According to Bank of America (BAC) analyst Savita Subramanian, 46 percent of the companies that have reported so far have beaten consensus forecasts on earnings per share, 63 percent have surpassed them on sales and 42 percent on both. That's the biggest "surprise ratio" from early-reporting companies since the first quarter of 2012 and an improvement from the last quarter.
Financial services firms such as JPMorgan (JPM), Well Fargo (WFC) and Bank of America each reported results that exceeded Wall Street analysts' expectations despite, in the case of JPMorgan, having to pay billions in legal penalties and a slowdown in mortgage refinancing as interest rates begin to creep up.
Shares of these companies climbed Wednesday, though some analysts note that there is less to the companies good fortunes than meets the eye.Banks are bolstering their results by tapping reserves and cutting costs, a strategy that isn't sustainable, Josh Rosner, an industry analyst with research firm Graham Fisher, told Bloomberg Businessweek. “At some point you run out of reserves to release, and you can’t cut more costs without cutting loans,” he told the magazine.
Shares of Citibank (C) and Goldman Sachs (GS), which reports tomorrow, also rose.

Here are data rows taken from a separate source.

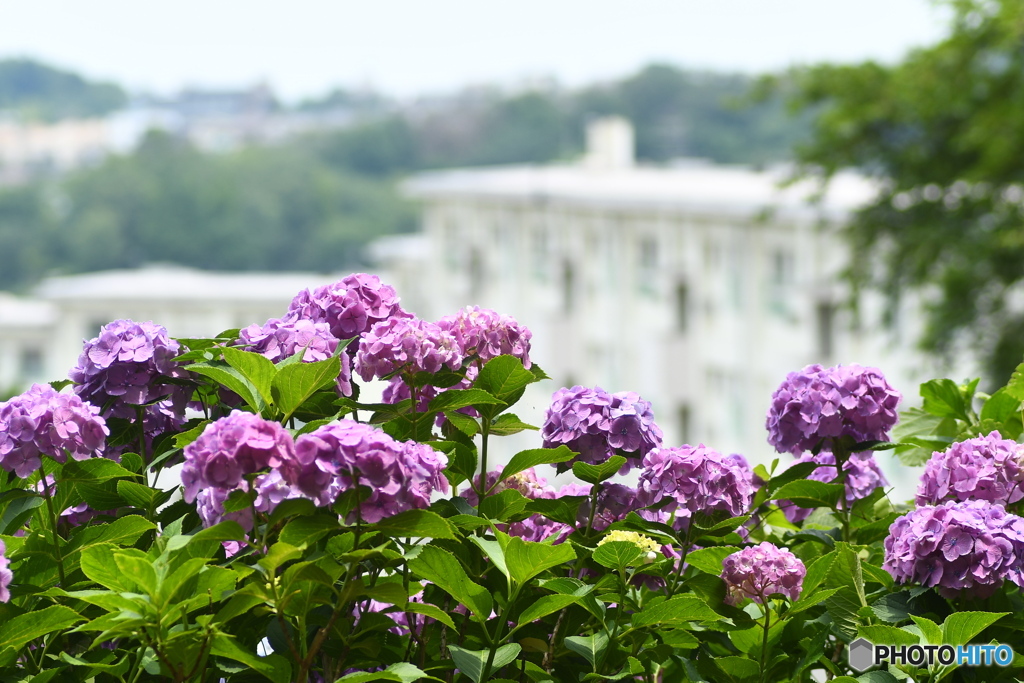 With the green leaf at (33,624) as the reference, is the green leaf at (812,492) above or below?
below

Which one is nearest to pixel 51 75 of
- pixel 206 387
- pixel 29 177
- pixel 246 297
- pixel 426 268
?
pixel 29 177

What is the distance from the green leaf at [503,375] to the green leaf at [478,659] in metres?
0.24

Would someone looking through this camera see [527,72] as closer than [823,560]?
No

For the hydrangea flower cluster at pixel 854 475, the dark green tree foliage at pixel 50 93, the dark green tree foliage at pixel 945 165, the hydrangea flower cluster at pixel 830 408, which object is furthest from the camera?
the dark green tree foliage at pixel 50 93

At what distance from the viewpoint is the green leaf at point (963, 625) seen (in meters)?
1.18

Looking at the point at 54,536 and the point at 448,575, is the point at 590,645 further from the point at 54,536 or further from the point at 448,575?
the point at 54,536

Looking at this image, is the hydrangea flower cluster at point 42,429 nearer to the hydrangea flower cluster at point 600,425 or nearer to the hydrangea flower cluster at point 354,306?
the hydrangea flower cluster at point 354,306

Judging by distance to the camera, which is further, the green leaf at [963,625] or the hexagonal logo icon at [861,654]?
the hexagonal logo icon at [861,654]

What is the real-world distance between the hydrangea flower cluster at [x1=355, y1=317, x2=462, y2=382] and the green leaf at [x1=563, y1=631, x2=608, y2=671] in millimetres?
279

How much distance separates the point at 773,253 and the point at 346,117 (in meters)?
60.2

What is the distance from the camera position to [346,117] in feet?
261

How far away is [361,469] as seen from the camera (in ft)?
3.47

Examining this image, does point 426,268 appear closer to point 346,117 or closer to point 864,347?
point 864,347

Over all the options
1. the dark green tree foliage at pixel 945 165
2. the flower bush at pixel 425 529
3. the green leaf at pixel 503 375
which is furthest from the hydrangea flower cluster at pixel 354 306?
the dark green tree foliage at pixel 945 165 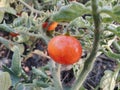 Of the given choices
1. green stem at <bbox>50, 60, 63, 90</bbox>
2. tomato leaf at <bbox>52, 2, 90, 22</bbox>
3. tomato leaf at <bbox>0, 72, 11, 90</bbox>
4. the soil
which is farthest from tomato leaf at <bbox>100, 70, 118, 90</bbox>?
the soil

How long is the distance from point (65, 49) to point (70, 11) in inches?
7.2

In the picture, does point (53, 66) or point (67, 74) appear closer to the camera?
point (53, 66)

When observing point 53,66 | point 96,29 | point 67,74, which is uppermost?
point 96,29

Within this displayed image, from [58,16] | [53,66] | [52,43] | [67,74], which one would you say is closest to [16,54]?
[53,66]

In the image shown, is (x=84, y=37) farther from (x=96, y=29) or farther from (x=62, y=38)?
(x=96, y=29)

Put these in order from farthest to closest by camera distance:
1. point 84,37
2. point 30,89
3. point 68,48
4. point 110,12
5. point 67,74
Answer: point 67,74, point 30,89, point 84,37, point 68,48, point 110,12

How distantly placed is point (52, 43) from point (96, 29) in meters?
0.16

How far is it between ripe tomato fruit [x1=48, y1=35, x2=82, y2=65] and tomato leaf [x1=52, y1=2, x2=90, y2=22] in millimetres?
140

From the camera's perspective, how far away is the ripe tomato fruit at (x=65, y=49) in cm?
77

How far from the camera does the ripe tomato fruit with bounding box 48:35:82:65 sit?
0.77 m

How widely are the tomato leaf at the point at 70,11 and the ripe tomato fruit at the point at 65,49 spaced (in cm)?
14

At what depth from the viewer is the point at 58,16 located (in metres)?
0.63

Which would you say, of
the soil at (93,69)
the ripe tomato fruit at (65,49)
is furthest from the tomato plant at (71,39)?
the soil at (93,69)

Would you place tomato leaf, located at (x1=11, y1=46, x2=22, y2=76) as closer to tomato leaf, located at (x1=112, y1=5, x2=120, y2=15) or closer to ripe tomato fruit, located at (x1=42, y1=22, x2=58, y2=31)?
ripe tomato fruit, located at (x1=42, y1=22, x2=58, y2=31) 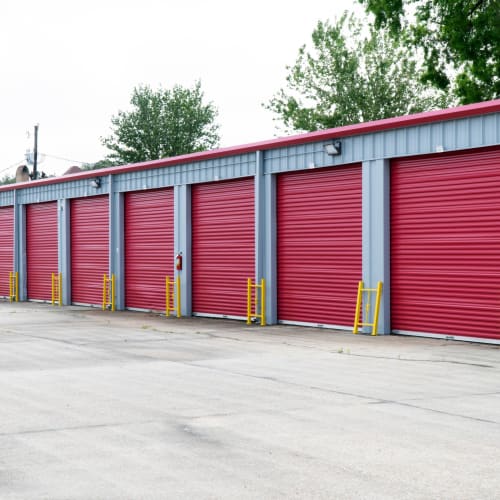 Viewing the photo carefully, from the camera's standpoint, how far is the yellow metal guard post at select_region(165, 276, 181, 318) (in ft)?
76.8

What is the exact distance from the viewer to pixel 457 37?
→ 1200 inches

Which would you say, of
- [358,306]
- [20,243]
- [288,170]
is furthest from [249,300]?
[20,243]

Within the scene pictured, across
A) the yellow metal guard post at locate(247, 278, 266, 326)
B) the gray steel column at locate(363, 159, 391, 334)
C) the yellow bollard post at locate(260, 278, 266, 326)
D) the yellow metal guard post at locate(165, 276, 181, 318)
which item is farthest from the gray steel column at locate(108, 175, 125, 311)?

The sector's good fortune is also likely to be reflected in regional banks, with the improving economy expected to spur loan growth, Goldman Sachs said in a research note.
Wendy's (WEN) also reported better-than-expected results this week thanks to the popularity of its pretzel bacon cheeseburger, while St. Jude Medical (STJ) and DineEquity (DIN), the parent company of IHOP and Applebee's, both topped analyst expectations.
Subramanian thinks multinationals will "surprise to the upside" in 2014 because of the improving financial conditions in Europe and the declining value of the dollar.